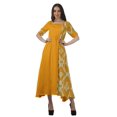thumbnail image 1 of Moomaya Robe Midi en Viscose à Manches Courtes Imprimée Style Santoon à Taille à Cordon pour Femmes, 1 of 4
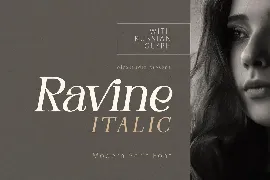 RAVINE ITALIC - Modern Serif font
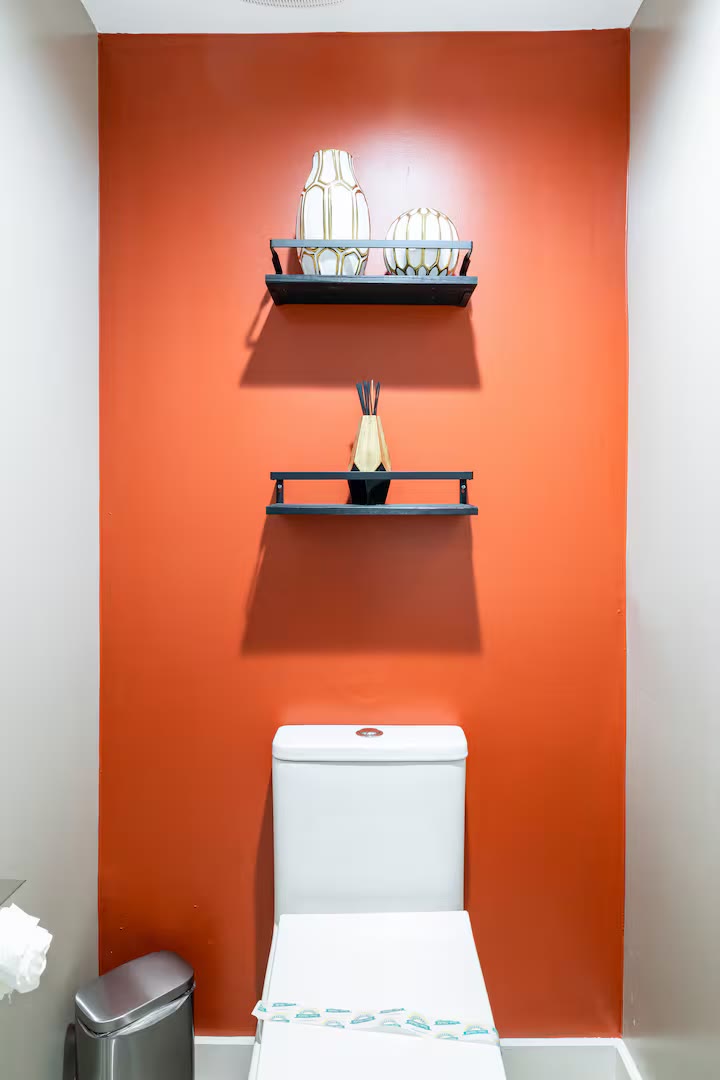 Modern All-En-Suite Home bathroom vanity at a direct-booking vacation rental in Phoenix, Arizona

---

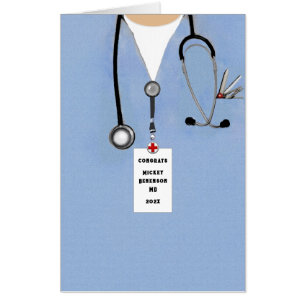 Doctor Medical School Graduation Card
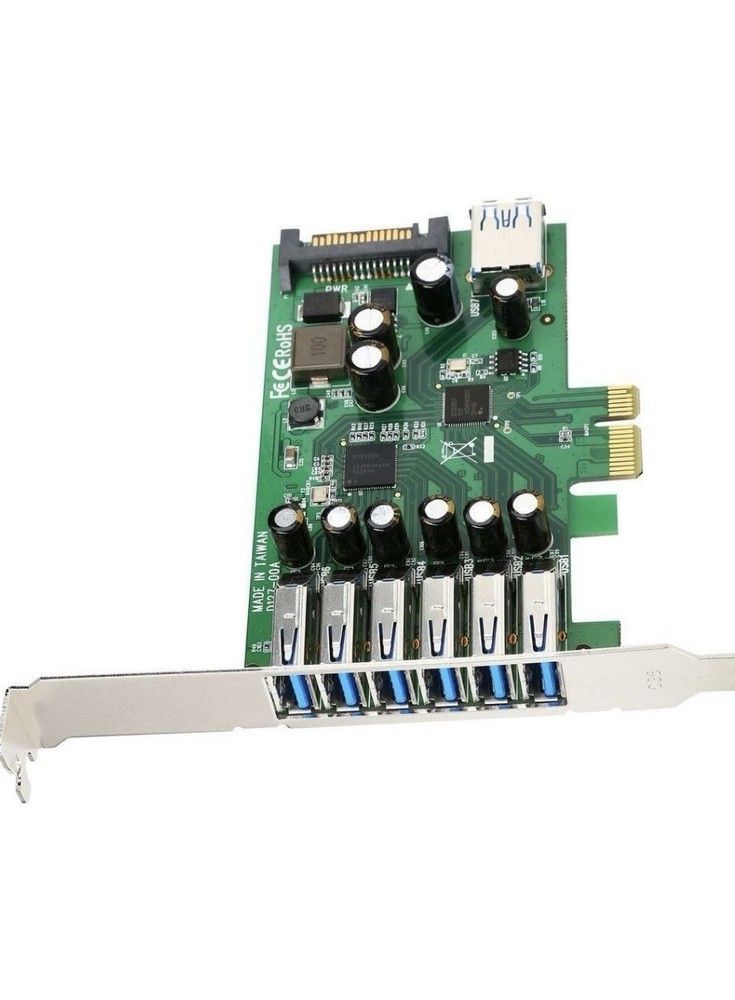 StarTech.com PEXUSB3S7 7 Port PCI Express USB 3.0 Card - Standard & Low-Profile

...

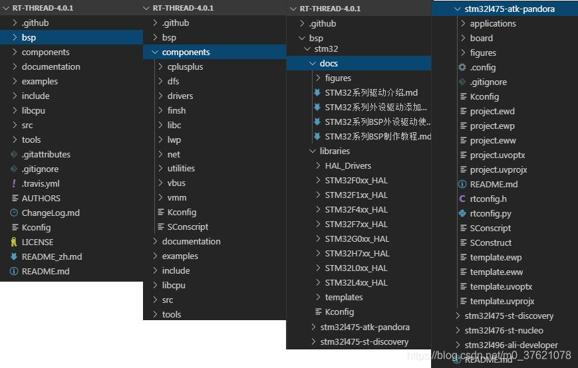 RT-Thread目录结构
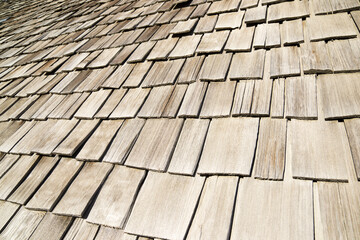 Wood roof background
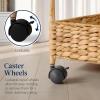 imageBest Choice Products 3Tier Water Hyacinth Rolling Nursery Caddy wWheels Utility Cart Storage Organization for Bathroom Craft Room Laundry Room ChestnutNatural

◆ **PROBLEM**
Start with the line with "Wood roof background" in the listing above and stop after the line with "imageBest Choice Products". Write out exactly the lines in that stretch and no others, without pictures.

◆ **EXPECTED OUTPUT**
 Wood roof background
 imageBest Choice Products 3Tier Water Hyacinth Rolling Nursery Caddy wWheels Utility Cart Storage Organization for Bathroom Craft Room Laundry Room ChestnutNatural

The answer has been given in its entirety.